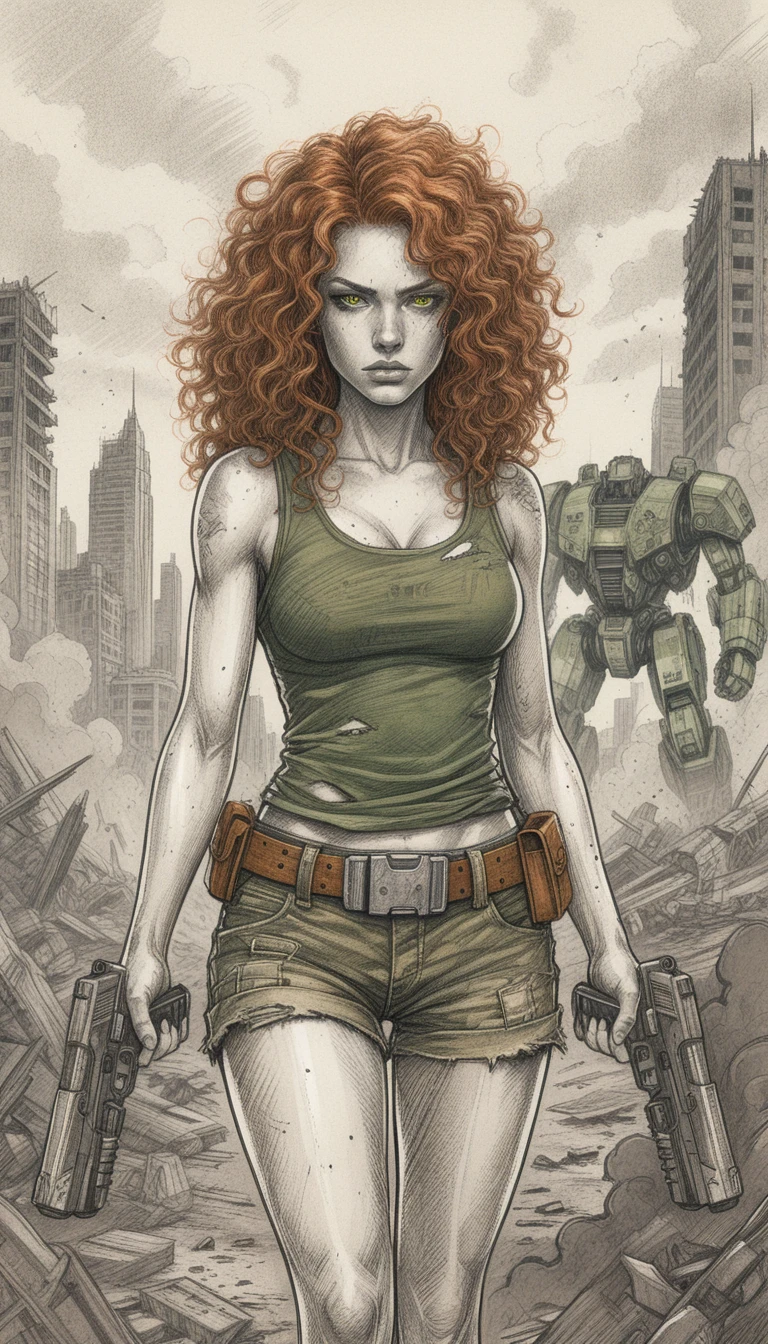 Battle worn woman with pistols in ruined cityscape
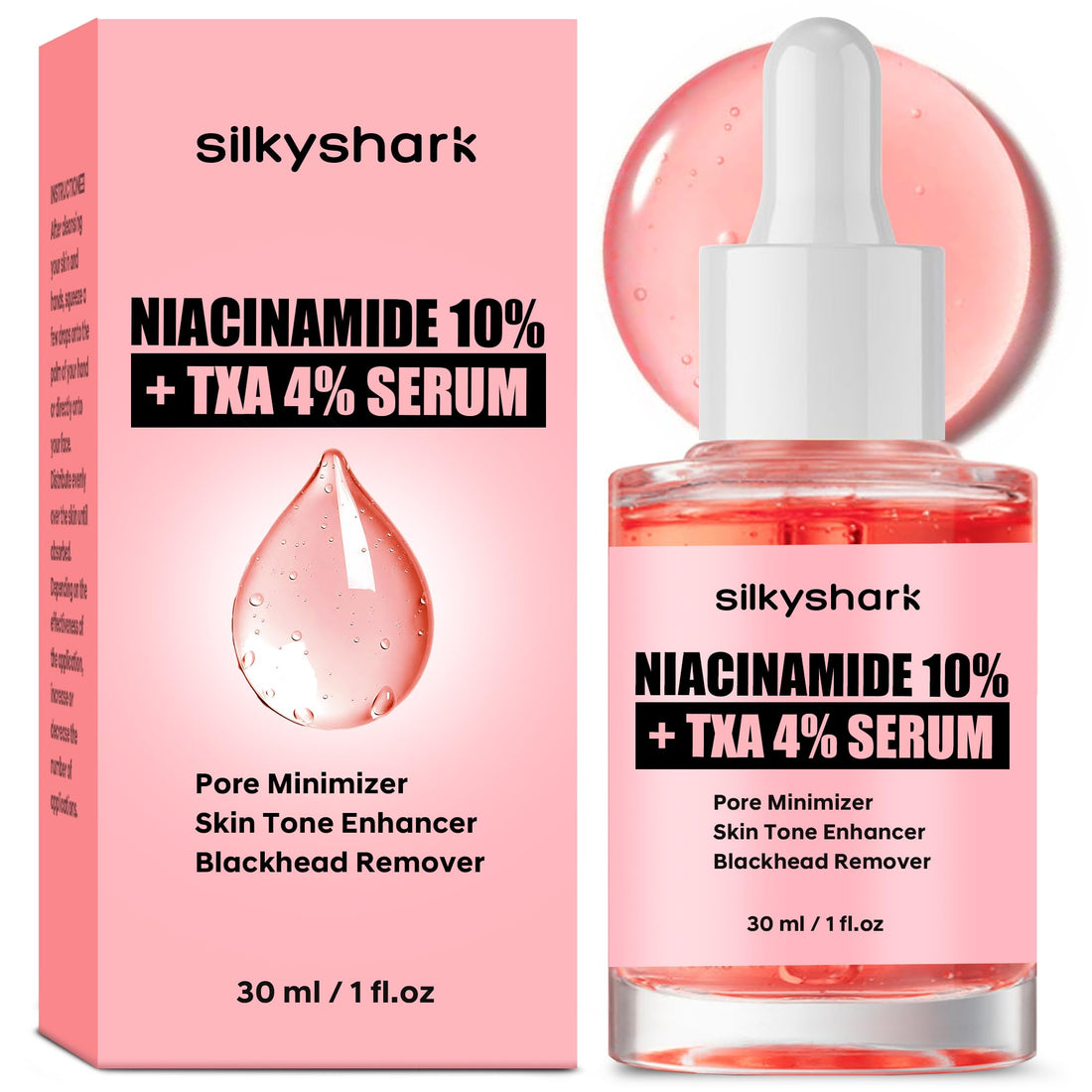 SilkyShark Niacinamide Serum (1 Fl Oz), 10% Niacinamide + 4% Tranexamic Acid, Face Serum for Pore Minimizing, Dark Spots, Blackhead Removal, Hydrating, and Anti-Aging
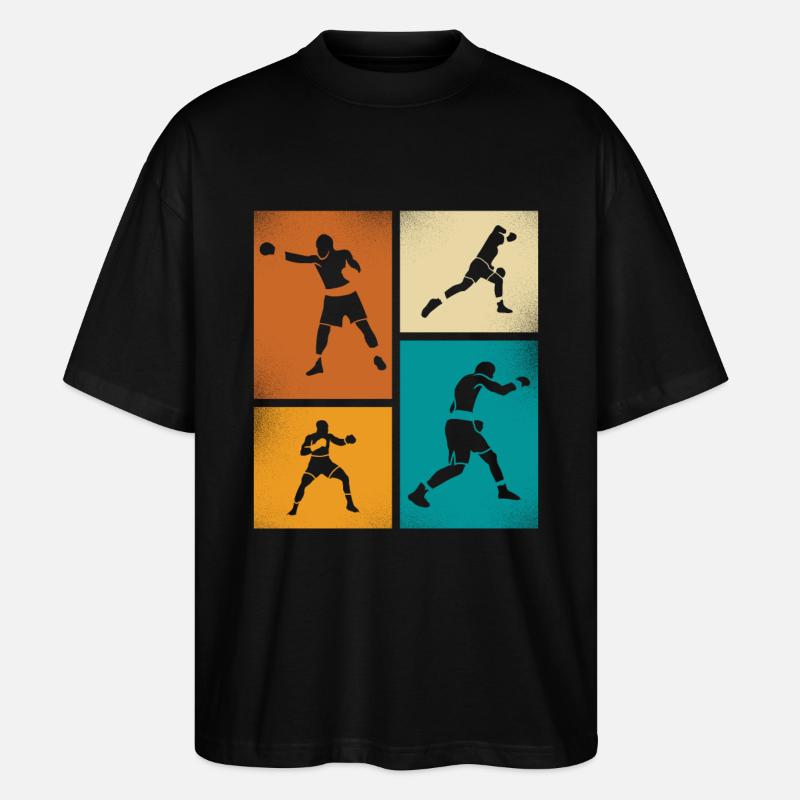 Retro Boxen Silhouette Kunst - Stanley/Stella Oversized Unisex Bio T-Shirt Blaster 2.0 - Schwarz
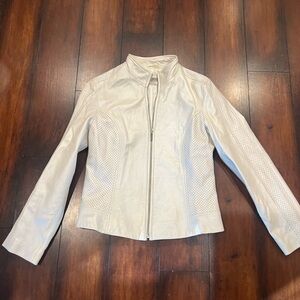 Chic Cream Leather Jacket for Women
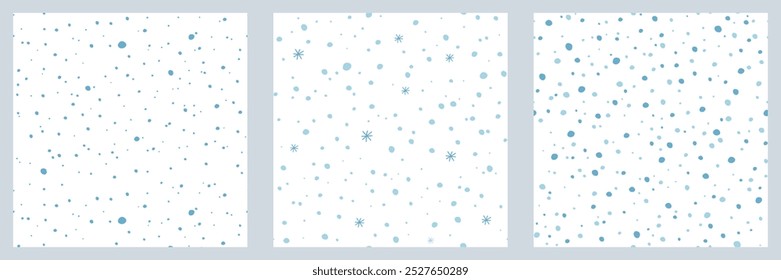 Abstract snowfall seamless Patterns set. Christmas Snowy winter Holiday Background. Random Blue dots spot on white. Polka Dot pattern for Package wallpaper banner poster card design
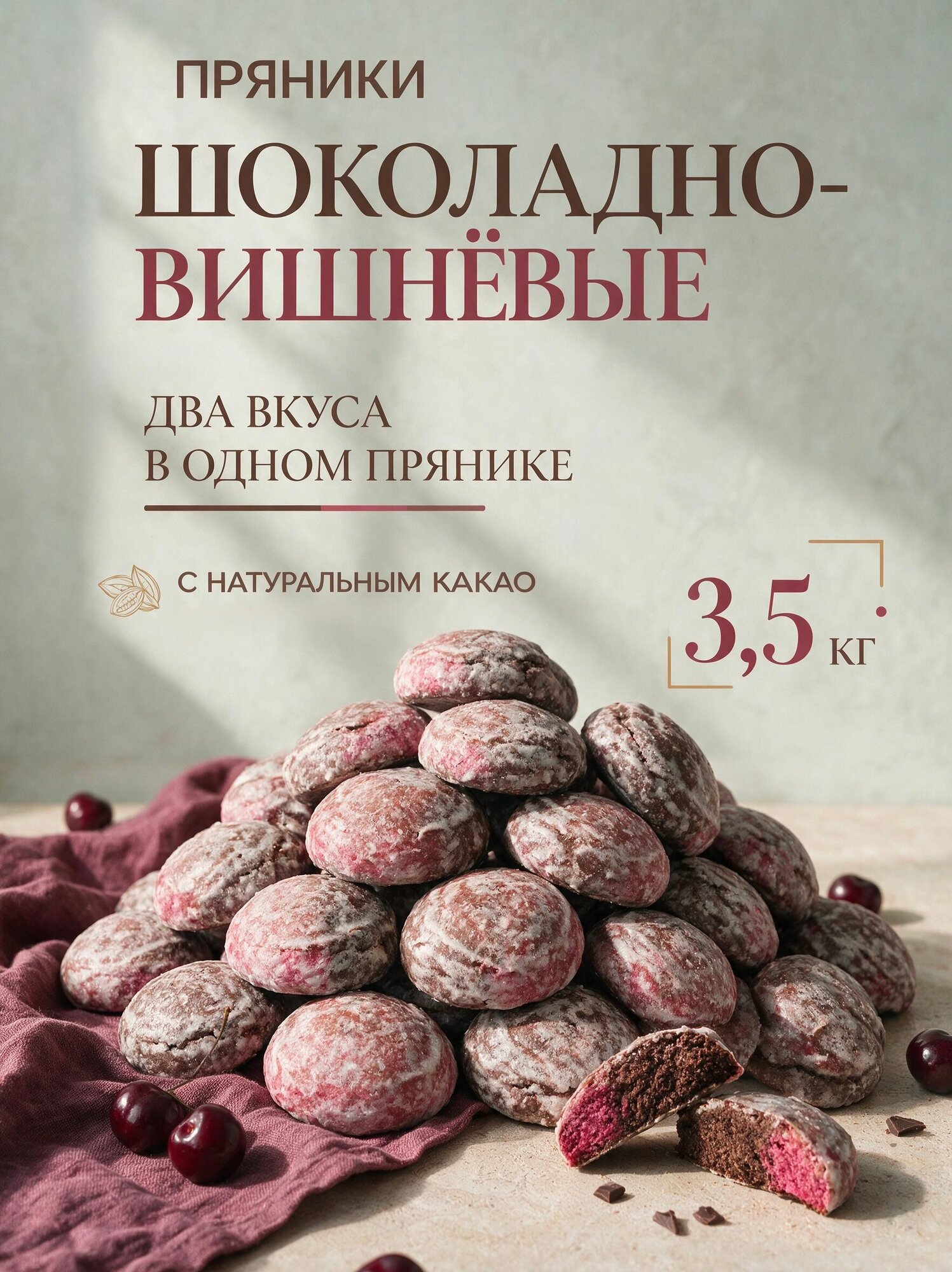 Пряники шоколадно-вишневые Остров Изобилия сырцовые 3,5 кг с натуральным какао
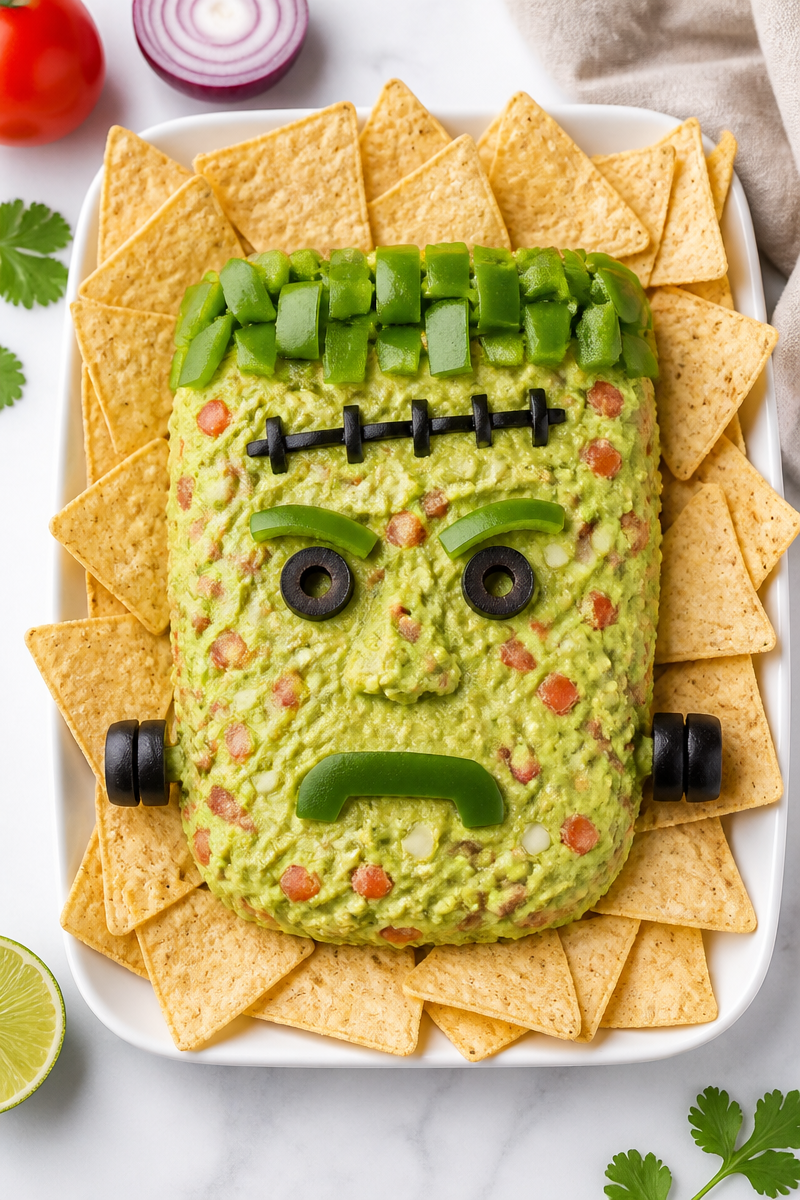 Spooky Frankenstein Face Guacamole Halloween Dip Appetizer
────────────────────
◆ **WHAT THE TASK REQUIRES**
Return the entries above exactly as they appear. Pictures should not be copied.

◆ **RESULT BELOW**
 Battle worn woman with pistols in ruined cityscape
 SilkyShark Niacinamide Serum (1 Fl Oz), 10% Niacinamide + 4% Tranexamic Acid, Face Serum for Pore Minimizing, Dark Spots, Blackhead Removal, Hydrating, and Anti-Aging
 Retro Boxen Silhouette Kunst - Stanley/Stella Oversized Unisex Bio T-Shirt Blaster 2.0 - Schwarz
 Chic Cream Leather Jacket for Women
 Abstract snowfall seamless Patterns set. Christmas Snowy winter Holiday Background. Random Blue dots spot on white. Polka Dot pattern for Package wallpaper banner poster card design
 Пряники шоколадно-вишневые Остров Изобилия сырцовые 3,5 кг с натуральным какао
 Spooky Frankenstein Face Guacamole Halloween Dip Appetizer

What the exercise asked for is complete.